Goal of the exercise:
Please reproduce all entries word for word, leaving every image behind.

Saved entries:
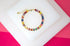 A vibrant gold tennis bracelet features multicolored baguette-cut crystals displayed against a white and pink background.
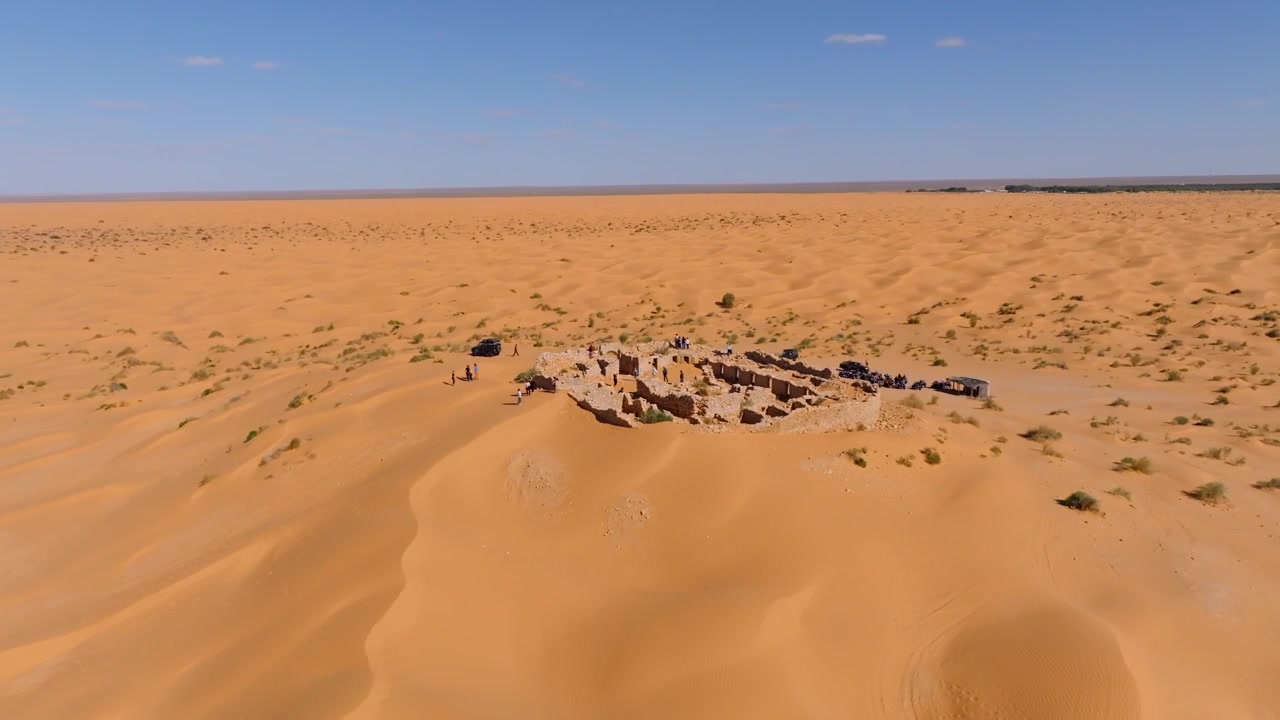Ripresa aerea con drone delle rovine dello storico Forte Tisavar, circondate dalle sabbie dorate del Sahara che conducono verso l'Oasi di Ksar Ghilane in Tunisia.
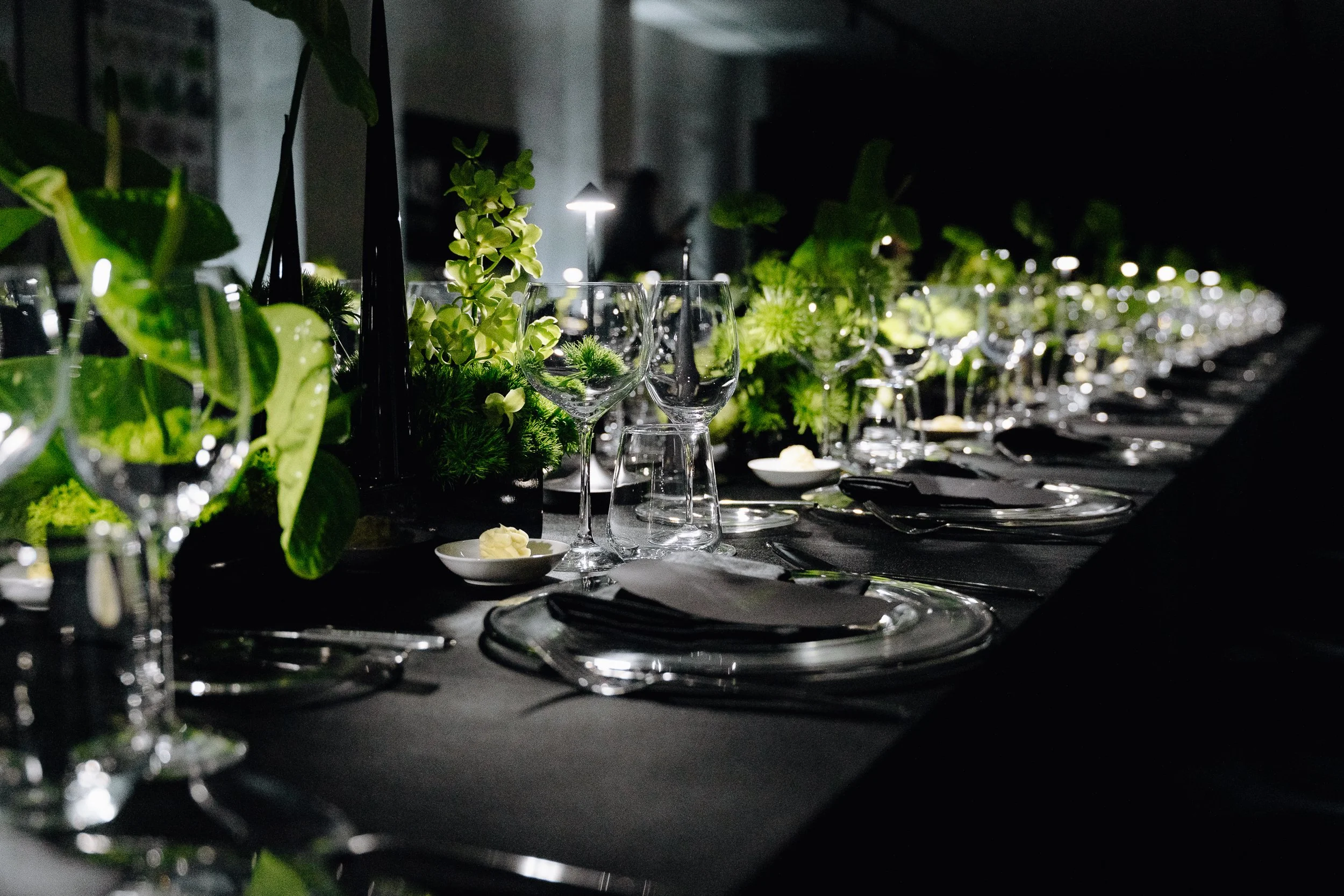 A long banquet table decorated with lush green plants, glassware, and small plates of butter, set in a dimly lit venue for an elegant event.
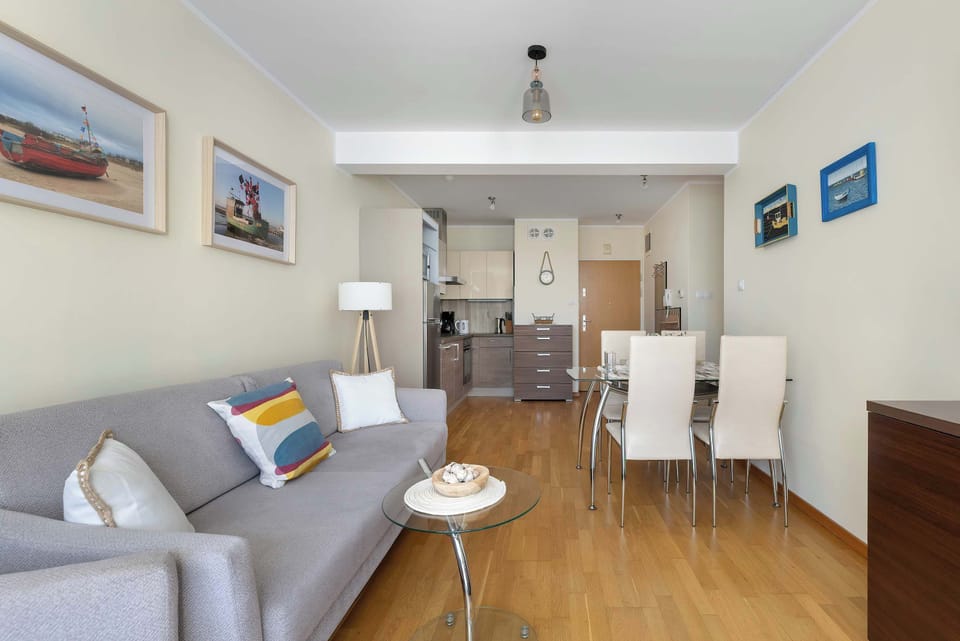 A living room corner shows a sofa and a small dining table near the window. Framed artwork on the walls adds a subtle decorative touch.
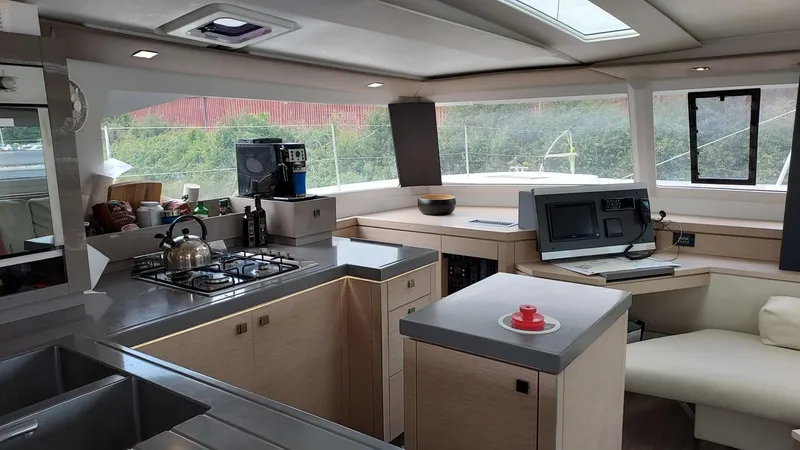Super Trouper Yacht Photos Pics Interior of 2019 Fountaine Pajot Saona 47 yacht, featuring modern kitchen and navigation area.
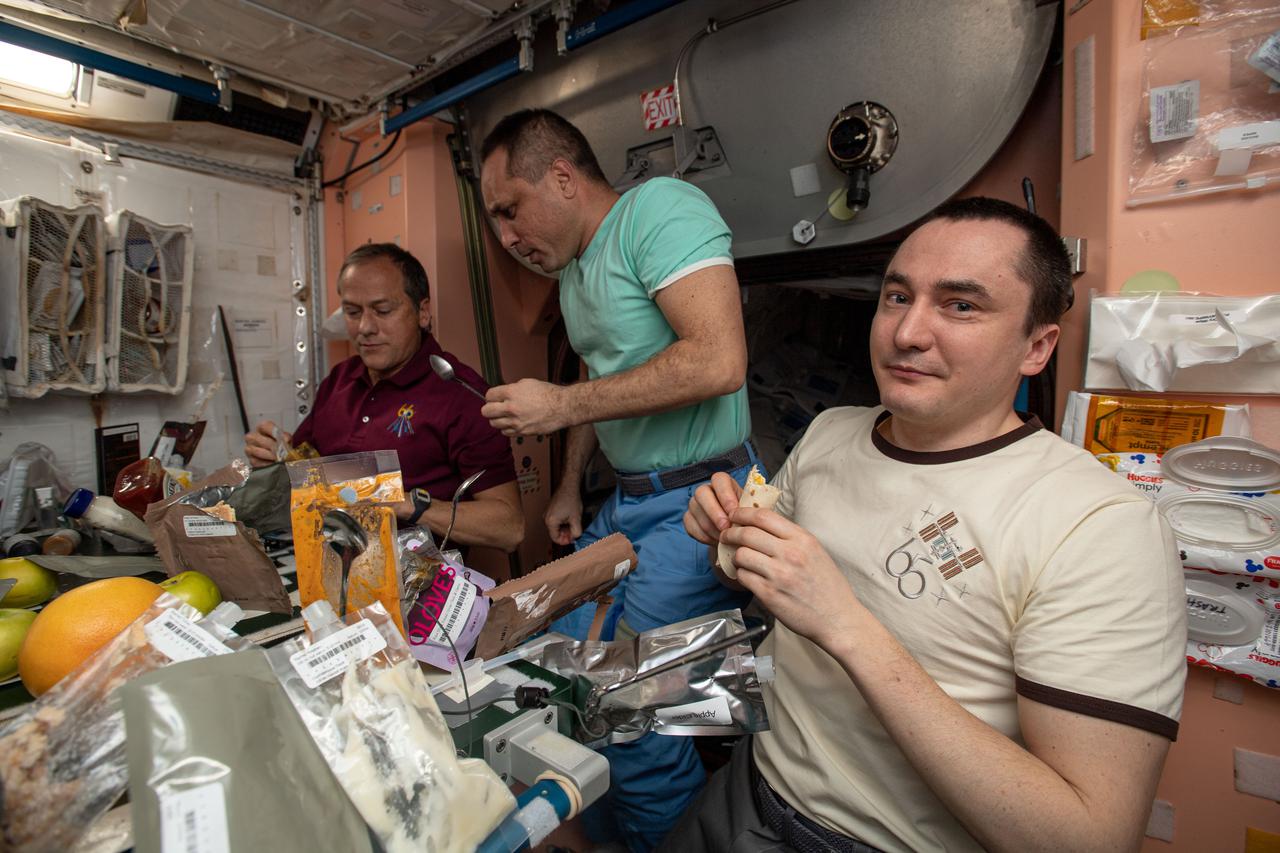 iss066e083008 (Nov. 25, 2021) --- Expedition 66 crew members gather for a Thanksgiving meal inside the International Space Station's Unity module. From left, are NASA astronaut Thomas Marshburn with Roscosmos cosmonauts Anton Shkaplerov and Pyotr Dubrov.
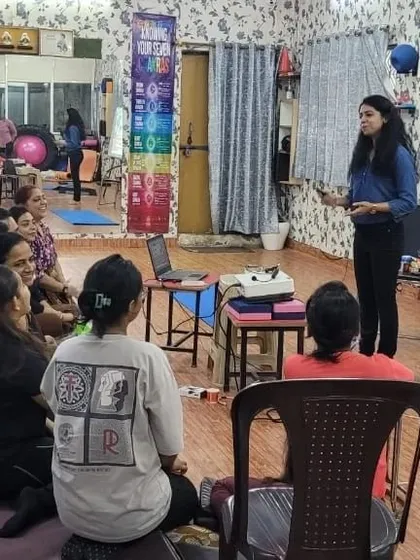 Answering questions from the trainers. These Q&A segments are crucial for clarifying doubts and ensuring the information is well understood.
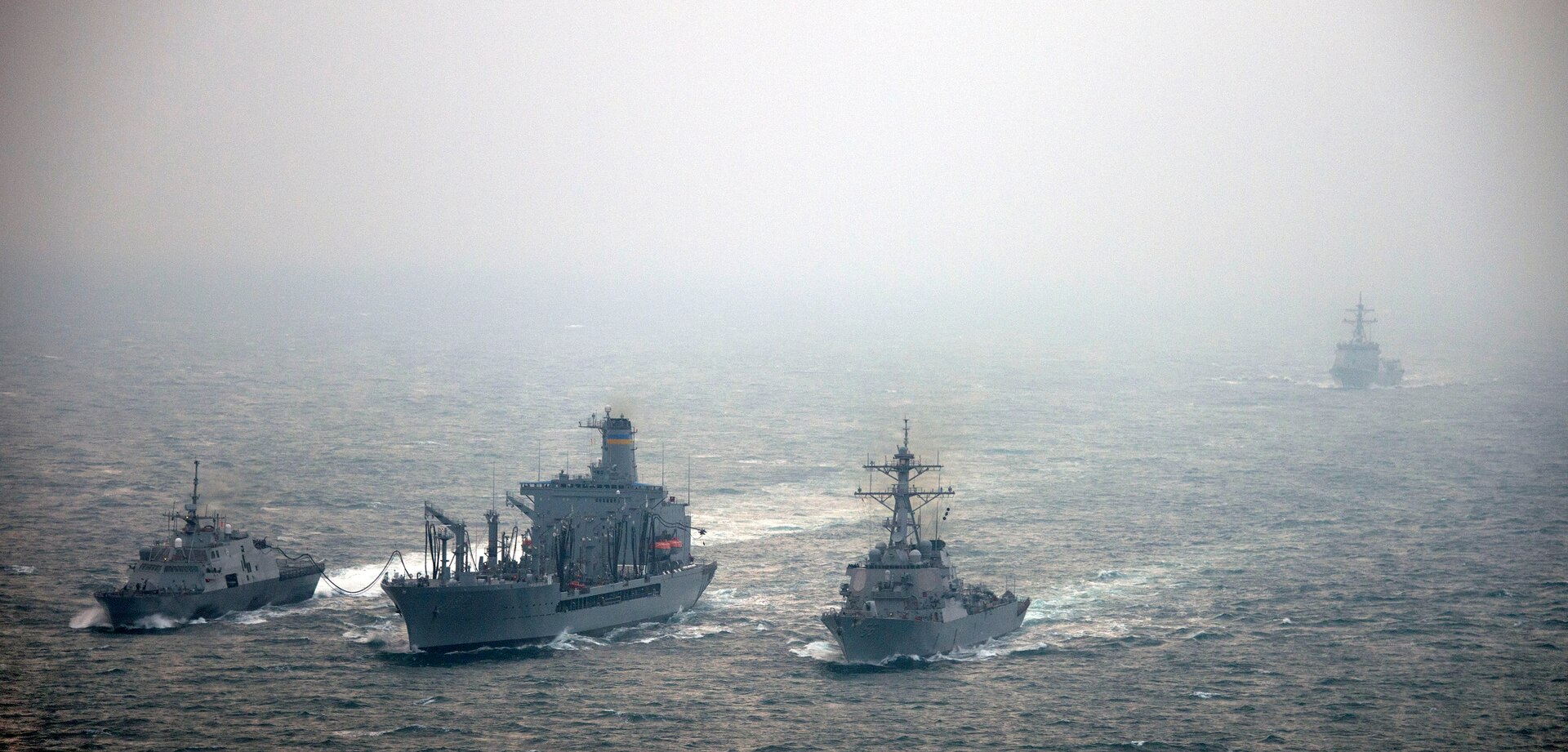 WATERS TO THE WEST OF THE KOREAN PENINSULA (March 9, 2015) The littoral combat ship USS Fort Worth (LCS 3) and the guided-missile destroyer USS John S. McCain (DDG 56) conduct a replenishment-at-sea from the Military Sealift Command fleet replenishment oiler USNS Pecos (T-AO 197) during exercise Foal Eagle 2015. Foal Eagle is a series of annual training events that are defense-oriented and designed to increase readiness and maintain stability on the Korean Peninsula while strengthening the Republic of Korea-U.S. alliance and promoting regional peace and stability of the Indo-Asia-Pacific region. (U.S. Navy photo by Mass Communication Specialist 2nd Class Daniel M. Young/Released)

Your solution:
 A vibrant gold tennis bracelet features multicolored baguette-cut crystals displayed against a white and pink background.
Ripresa aerea con drone delle rovine dello storico Forte Tisavar, circondate dalle sabbie dorate del Sahara che conducono verso l'Oasi di Ksar Ghilane in Tunisia.
 A long banquet table decorated with lush green plants, glassware, and small plates of butter, set in a dimly lit venue for an elegant event.
 A living room corner shows a sofa and a small dining table near the window. Framed artwork on the walls adds a subtle decorative touch.
Super Trouper Yacht Photos Pics Interior of 2019 Fountaine Pajot Saona 47 yacht, featuring modern kitchen and navigation area.
 iss066e083008 (Nov. 25, 2021) --- Expedition 66 crew members gather for a Thanksgiving meal inside the International Space Station's Unity module. From left, are NASA astronaut Thomas Marshburn with Roscosmos cosmonauts Anton Shkaplerov and Pyotr Dubrov.
 Answering questions from the trainers. These Q&A segments are crucial for clarifying doubts and ensuring the information is well understood.
 WATERS TO THE WEST OF THE KOREAN PENINSULA (March 9, 2015) The littoral combat ship USS Fort Worth (LCS 3) and the guided-missile destroyer USS John S. McCain (DDG 56) conduct a replenishment-at-sea from the Military Sealift Command fleet replenishment oiler USNS Pecos (T-AO 197) during exercise Foal Eagle 2015. Foal Eagle is a series of annual training events that are defense-oriented and designed to increase readiness and maintain stability on the Korean Peninsula while strengthening the Republic of Korea-U.S. alliance and promoting regional peace and stability of the Indo-Asia-Pacific region. (U.S. Navy photo by Mass Communication Specialist 2nd Class Daniel M. Young/Released)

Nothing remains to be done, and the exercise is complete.